El cierre de
RTVV es el mayor escándalo que se ha producido en el ámbito histórico de la
Comunidad Valenciana (estricta y administrativamente hablando: no del País
Valencià, la región valenciana, el reino de valencia o el levante español: La
Comunidad Valenciana es un ámbito histórico-administrativo muy concreto que no
debe ser confundido con todas esas otras realidades más o menos fantasmáticas).

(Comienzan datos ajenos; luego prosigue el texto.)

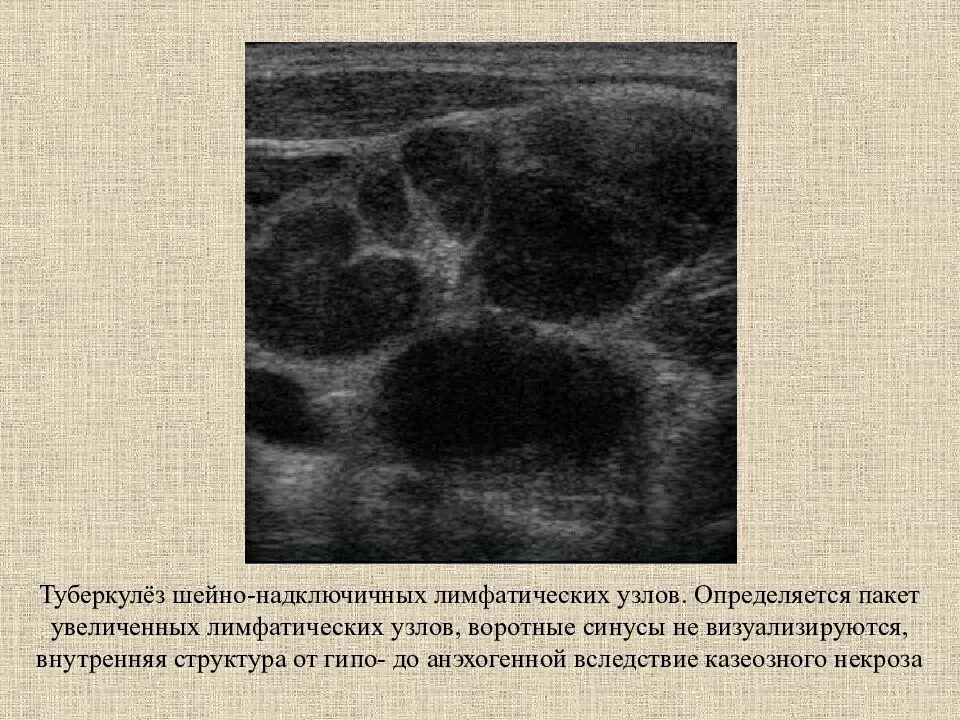 Обследование при увеличении лимфатических узлов. Туберкулез шейных лимфатических узлов рентген. казеозная форма туберкулеза периферических лимфатических узлов. туберкулез лимфоузлов узи. туберкулез лимфатических узлов по узи.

Sonará excesivo en una tierra gobernada por un partido que ha expoliado sus
arcas públicas con eventos brutalmente propagandísticos, que ha colocado miles de enchufados en todas
partes, que ha arrasado con cualquier rastro de un sistema financiero propio y
que tiene más de cien imputados entre sus cargos electos. Pero el caso es que
un escándalo no se mide solo por los valores éticos que traiciona o por las
valoraciones económicas y sociales que merece. Es componente esencial de un
escándalo su dimensión escópica, de espectáculo. Y como espectáculo éste ha
sido sublime. Gigantescamente torpe y obsceno.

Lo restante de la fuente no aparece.